Un sapone non diventa rancido dall’oggi al domani. L’ossidazione è un processo che richiede il suo tempo e che dipende, in parte, dal tipo di grassi che sono stati usati nella ricetta. Ci sono anche altri fattori che giocano un ruolo nell’eventualità che un sapone ossidi e nella velocità con cui questo accade. Ma di questo farò cenno alla fine del post.

Una discriminante per capire quali grassi favoriscono l’ossidazione è cominciare a separare i saturi (quelli solidi a temperatura ambiente), dai liquidi e guardare un pochino dentro la loro struttura molecolare.

Se i grassi saturi (palma, cocco, karitè, strutto, etc) hanno un tempo di ossidazione pari a 1, i grassi monoinsaturi (esempio oliva, mandorle) ce l’hanno 5 volte superiore, i grassi polinsaturi del gruppo omega-6 con doppio legame C=C (girasole, cartamo, soja, mais, arachidi) ce l’hanno 50 volte superiore e i grassi del gruppo omega-3 con triplo legame C≡C (lino, colza, enotera, canapa) ce l’hanno 100 volte superiore. Che cosa sono i legami C=C doppi o tripli? Sono la “struttura” che tiene insieme gli atomi di carbonio nella catena atomica di ciascun trigliceride (acido grasso). Più questa struttura è ramificata con doppi e tripli legami, più la catena ha facilità a spezzarsi quando viene “sollecitata” dall’azione dell’ossigeno. Ogni volta che la catena si spezza e reagisce con l’ossigeno, inizia quel processo degenerativo, detto ossidazione, che fa irrancidire il sapone.

Questo è il motivo per cui, in tutti i testi sul sapone, trovate sempre indicato che i grassi moninsaturi (tra cui l’oliva) stanno tra quelli detti “di base” dei quali si possono usare anche grosse quantità nelle ricette, mentre gli altri (soprattutto i polinsaturi con triplo legame) sono classificati come “nutrienti” e ne vengono raccomandati dosaggi minimi. Questo è anche uno dei motivi per cui si consiglia di bilanciare una ricetta con grassi saturi-insaturi.

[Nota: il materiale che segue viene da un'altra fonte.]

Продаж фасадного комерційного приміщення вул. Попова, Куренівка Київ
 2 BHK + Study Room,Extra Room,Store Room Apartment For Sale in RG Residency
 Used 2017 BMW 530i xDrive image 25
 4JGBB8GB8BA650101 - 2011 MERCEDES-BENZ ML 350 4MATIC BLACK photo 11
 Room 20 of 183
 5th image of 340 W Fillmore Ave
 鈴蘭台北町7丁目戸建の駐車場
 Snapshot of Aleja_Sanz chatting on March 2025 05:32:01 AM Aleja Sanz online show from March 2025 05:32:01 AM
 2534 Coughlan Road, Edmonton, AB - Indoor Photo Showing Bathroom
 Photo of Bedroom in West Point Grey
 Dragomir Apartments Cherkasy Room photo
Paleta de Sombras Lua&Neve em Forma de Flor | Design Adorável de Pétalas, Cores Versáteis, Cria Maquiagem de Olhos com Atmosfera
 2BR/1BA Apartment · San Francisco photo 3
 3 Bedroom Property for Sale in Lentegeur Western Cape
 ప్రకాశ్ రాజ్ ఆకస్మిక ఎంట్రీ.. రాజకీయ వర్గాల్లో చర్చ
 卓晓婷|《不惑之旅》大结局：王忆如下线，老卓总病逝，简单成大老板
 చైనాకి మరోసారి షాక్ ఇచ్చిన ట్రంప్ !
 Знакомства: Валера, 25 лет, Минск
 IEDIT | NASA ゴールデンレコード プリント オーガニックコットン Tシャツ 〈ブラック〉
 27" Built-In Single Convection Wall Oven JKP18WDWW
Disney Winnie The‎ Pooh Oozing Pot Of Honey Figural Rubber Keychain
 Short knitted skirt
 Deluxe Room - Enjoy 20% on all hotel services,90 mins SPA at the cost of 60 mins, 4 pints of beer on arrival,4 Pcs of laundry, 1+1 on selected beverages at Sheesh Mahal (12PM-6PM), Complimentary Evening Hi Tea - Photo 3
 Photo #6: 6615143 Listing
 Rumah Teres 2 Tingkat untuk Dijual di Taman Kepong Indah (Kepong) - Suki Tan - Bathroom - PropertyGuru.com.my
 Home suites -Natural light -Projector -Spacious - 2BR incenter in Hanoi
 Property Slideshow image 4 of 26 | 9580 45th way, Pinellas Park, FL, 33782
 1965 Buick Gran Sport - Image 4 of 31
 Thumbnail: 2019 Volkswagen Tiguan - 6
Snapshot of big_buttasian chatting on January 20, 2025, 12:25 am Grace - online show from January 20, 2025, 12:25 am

Più è alta in una ricetta la percentuale di un grasso polinsaturo con triplo legame (per esempio l’olio di colza) più è maggiore la possibilità che quel sapone si ossidi, cioè diventi rancido. Più è alta la quantità di grassi saturi o moninsaturi (tipo strutto, palma, cocco + oliva) meno è facile che il sapone si ossidi. Se voglio fare un sapone con sconto soda alto quindi eviterò il più possibile i grassi polinsaturi a doppio e triplo legame o ne metterò davvero quantità minime.

Come dicevo all’inizio, le variabili che possono far irrancidire un sapone sono diverse e la composizione dei grassi della ricetta è soltanto una di queste. Altri fattori cui prestare attenzione sono gli sconti della soda (più lo sconto è alto, più alto è il rischio ossidazione), la presenza di liquidi in eccesso nel sapone, il fatto che il sapone venga conservato in luoghi umidi, caldi e poco ventilati, la presenza di particolari ioni metallici nell’acqua utilizzata per la soluzione caustica, l’uso di ingredienti “umidi” (fiori freschi, fondi di caffè, frutta).